Does the Commission’s ruling on Apple and Ireland send out a strong message that everyone has to comply with the state aid rules and pay their fair amount of tax?
International companies are said to only have one third of the tax burden of small and medium-sized enterprises. If this is true, then this is something that we have to change. Those who generate profits in a certain country have to pay tax on that. It’s not happening at the moment.
How does the Commission's rulings change the situation for the industry? Does Europe still offer a stable business climate for foreign investment?

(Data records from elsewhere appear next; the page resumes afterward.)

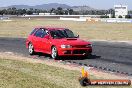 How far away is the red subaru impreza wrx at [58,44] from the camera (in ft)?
65.4

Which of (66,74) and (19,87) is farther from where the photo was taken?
(66,74)

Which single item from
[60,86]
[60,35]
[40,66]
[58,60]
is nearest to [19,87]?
Answer: [60,86]

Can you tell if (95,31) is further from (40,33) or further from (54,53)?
Result: (54,53)

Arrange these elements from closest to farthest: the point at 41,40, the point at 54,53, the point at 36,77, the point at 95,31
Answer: the point at 36,77, the point at 54,53, the point at 41,40, the point at 95,31

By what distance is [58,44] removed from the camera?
65.7 ft

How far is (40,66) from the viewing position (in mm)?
15836

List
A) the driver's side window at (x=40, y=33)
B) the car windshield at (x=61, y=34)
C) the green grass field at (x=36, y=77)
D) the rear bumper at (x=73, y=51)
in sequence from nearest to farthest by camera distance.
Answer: the green grass field at (x=36, y=77)
the rear bumper at (x=73, y=51)
the car windshield at (x=61, y=34)
the driver's side window at (x=40, y=33)

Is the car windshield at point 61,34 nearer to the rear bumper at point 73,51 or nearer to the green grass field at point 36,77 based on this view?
the rear bumper at point 73,51

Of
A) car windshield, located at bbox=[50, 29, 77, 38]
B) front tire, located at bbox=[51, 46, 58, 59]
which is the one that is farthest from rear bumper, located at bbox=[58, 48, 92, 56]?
car windshield, located at bbox=[50, 29, 77, 38]

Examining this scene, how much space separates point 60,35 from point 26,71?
22.2 feet

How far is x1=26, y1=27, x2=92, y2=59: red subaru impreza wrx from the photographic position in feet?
65.4

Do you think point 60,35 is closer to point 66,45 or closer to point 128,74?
point 66,45

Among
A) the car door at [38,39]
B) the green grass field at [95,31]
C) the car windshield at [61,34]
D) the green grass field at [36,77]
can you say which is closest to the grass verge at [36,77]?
the green grass field at [36,77]

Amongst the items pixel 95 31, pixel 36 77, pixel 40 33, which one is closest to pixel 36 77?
pixel 36 77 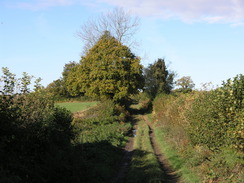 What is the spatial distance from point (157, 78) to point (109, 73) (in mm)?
18547

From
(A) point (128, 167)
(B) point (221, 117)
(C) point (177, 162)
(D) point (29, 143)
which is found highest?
(B) point (221, 117)

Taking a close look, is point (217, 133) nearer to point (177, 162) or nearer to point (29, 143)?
point (177, 162)

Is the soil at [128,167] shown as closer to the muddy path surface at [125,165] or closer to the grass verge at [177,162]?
the muddy path surface at [125,165]

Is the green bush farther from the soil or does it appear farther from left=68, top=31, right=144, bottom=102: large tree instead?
left=68, top=31, right=144, bottom=102: large tree

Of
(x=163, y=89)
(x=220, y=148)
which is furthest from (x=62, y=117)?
(x=163, y=89)

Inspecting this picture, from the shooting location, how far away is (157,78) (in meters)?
52.2

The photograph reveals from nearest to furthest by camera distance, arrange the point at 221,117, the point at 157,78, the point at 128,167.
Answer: the point at 221,117, the point at 128,167, the point at 157,78

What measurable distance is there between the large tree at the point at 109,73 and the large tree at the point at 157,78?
13.1m

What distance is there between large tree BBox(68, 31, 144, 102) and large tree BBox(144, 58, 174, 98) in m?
13.1

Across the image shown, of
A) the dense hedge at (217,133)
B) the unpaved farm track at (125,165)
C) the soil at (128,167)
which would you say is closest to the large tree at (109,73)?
the unpaved farm track at (125,165)

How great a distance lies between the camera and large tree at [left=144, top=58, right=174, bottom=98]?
170 feet

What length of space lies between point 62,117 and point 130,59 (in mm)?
27603

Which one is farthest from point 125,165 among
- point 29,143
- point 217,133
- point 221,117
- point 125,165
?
point 29,143

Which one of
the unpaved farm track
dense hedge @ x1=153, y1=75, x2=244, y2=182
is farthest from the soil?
dense hedge @ x1=153, y1=75, x2=244, y2=182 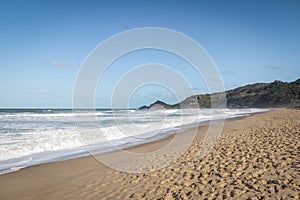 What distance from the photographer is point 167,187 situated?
5141 millimetres

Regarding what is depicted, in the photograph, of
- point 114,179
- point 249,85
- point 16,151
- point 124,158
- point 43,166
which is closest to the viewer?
point 114,179

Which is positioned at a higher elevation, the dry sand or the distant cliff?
the distant cliff

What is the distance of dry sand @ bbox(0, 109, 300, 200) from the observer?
461 cm

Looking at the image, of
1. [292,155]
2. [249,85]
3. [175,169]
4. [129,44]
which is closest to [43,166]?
[175,169]

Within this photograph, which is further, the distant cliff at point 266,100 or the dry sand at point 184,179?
the distant cliff at point 266,100

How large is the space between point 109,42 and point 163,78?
547 centimetres

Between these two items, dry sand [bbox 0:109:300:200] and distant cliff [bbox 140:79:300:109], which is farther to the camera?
distant cliff [bbox 140:79:300:109]

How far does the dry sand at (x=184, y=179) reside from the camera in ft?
15.1

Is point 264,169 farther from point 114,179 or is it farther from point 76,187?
point 76,187

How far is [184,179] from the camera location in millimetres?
5500

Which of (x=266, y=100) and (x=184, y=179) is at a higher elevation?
(x=266, y=100)

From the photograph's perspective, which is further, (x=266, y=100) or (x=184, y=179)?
(x=266, y=100)

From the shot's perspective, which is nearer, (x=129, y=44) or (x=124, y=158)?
Result: (x=124, y=158)

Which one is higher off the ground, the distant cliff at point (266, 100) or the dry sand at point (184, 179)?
the distant cliff at point (266, 100)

Europe is the world's most developed single market offering access to 500 million people. No other region in the world can deliver that kind of benefits. In addition the EU guarantees legal certainty. There are only a few markets as legally developed as the EU.
How will the situation develop? Will we see a reconstruction of the international tax system?
It’s a difficult question. After 2008 I thought that all states in the world had a willingness to move towards proper and equal taxation. But so far at the international level we only have the agreement on base erosion and profit shifting.
State aid cases in the EU cause market distortion and these distortions have to be resolved within the EU. We can’t be a good negotiator with other parts of the world while we have improper rulings in place.
Therefore I really appreciate what the Commission’s directorate-general for competition and Commissioner Margrethe Vestager are doing regarding Apple and other state cases. She has the full support of the European Parliament from all political groups.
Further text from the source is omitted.